IGCIT / Intel-GPU-Community-Issue-Tracker-IGCIT

IGCIT is a Community-driven issue tracker for Intel GPUs.
GNU General Public License v3.0
115 stars 4 forks source link

SPARKLE Intel® Arc™ A750 ORC OC Edition stuck on 600/2000 mhz #821

Open Toetje585 opened 3 months ago

Toetje585 commented 3 months ago

Checklist [README]

Application [Required]

Windows / Linux

Processor / Processor Number [Required]

AMD Ryzen™7800X3D / AMD Ryzen™ 9 7945HX

Graphic Card [Required]

SPARKLE Intel® Arc™ A750 ORC OC Edition

GPU Driver Version [Required]

32.0.101.5762

Other GPU Driver version

No response

Rendering API [Required]

Windows Build [Required]

Windows 11 24H2

Other Windows build

Windows 11 23H2

Intel System Support Utility report

intel.txt

B660DS3HAXDDR4.txt

Description and steps to reproduce [Required]

Problem:

SPARKLE Intel® Arc™ A750 ORC OC Edition is always stuck on 600/2000 mhz on idle even without any displays connected in Windows and Also on Linux. Causing the fan to ramp up and down all the time.

Reproduce:

Install the SPARKLE Intel® Arc™ A750 ORC OC Edition, and use the latest drivers.

Conclusion, even without any display connected the memory clock is not going down.

1

Tested on 3 systems 2 (AMD) 1 (Intel) and also under Linux, e.g. my conclusion there is a firmware problem. The above issue makes my fan ramp up and down all the time.

Best Regards,

Device / Platform

BD790I and ROG STRIX B650E-E GAMING WIFI

Crash dumps [Required, if applicable]

No response

Application / Windows logs

No response

EstebanIntel commented 3 months ago

Hi @Toetje585,

Can you clarify when you say, "Disconnect all cables from the Intel® Arc™ A750 ORC OC Edition." you include the power cables been disconnected?

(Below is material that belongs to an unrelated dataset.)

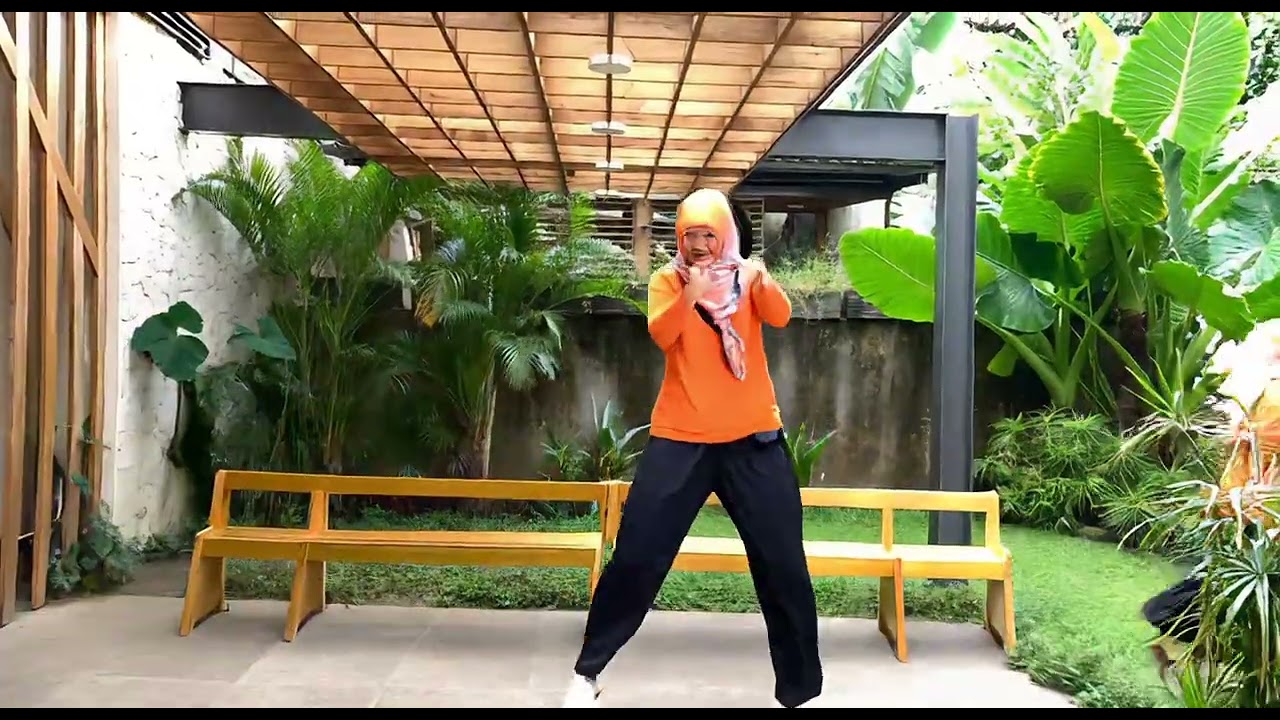 Seru&sup2;an #sdnjbb2 #sdnjabati #sdnjatibeningbaru2 #masyaallah #guruindonesia #cabeijo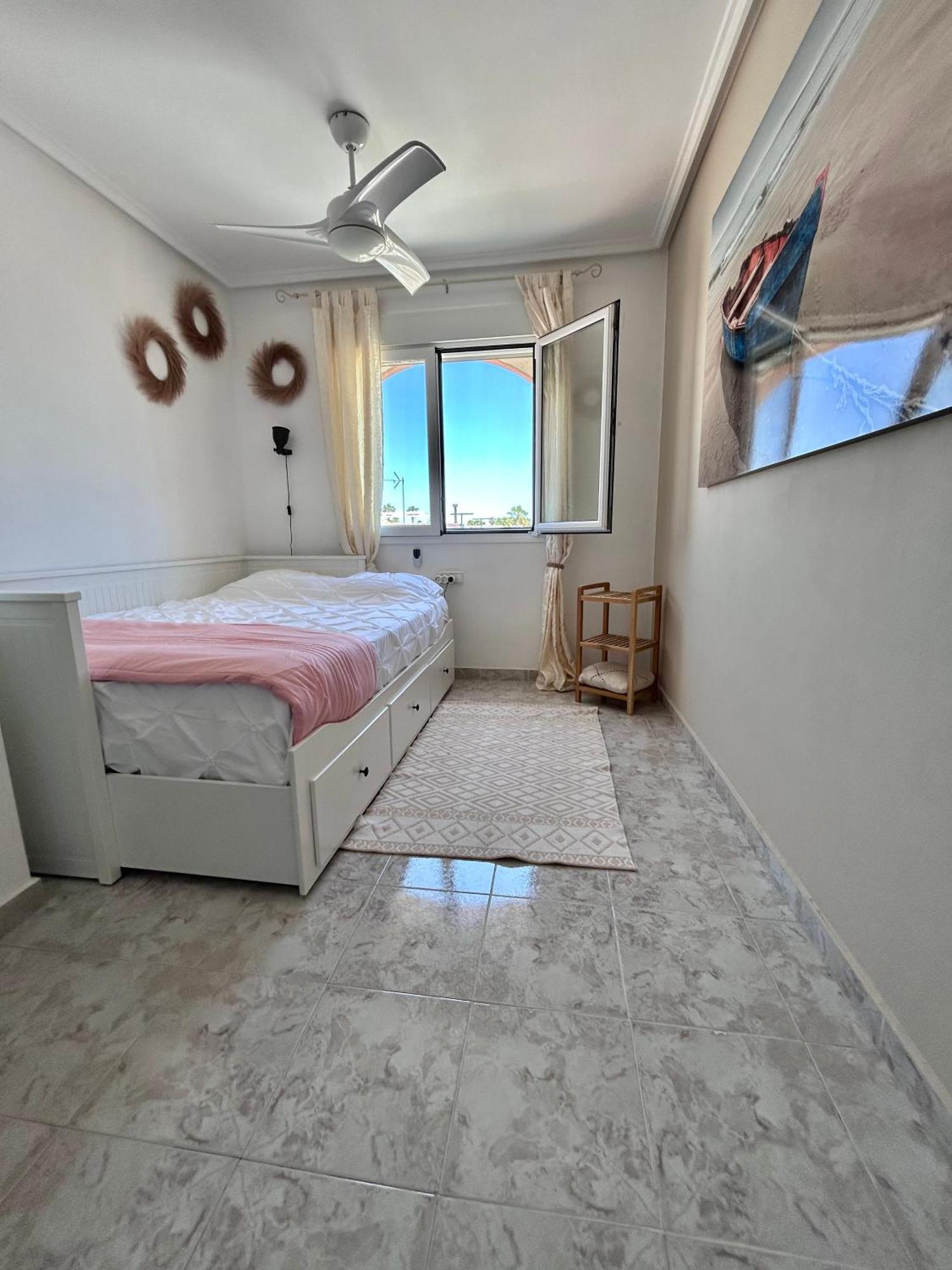 House Close To The Beach Mar Menor Los Narejos Extérieur photo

Toetje585 commented 3 months ago

@EstebanIntel Disconnect all screens from the card.

Edit: Updated bug report!

Gabriela-Intel commented 2 months ago

Hi @Toetje585. I tested out the issue and what I observed is that it was stuck at 600/2000 for about 2-3 minutes after booting but it would then drop to 0, remain there for 7-8 minutes, and then increase back up again for a few minutes before going back down to 0. And basically repeat itself again.

Is this similar to the behavior you're seeing or is it ALWAYS stuck at 600/2000?

Toetje585 commented 2 months ago

Hi @Gabriela-Intel

Thanks for testing this out.

I asume this test you did is also in a hybrid setup because you can see the gpu going of (0). I have the same behaivor here its. It either stuck at the highest state 600/2000 or off. However because the gpu is setting the memory at 2000 and staying there for obiously no good reason the tempature reaches 50c fast and so the fan starts to ramp up and down. Can we somewhat agree this is strange behaivor specially because there no screens connected?

Does the card even have lower memory state at all?

Gabriela-Intel commented 2 months ago

Yes, definitely appears to be strange behavior. I filed a bug sighting so I can get more insight on this and perhaps get it fixed. Bug id is 14023014019 for your reference. Please stick around as it could take some time until we get more information. I'll post here again when I have an update!

Gabriela-Intel commented 2 months ago

Hey there @Toetje585. We have word back from the graphics debug team. Basically, this is expected behavior from the OS. What we're seeing is a momentary wake request being sent, which could be caused by Windows Update checking for a driver update for Arc. Every adapter has different wake timings so that's why the behavior might appear different than an Nvidia dgpu, for example.

You'll notice that there isn't a constant ramping up or down if you remove internet connection.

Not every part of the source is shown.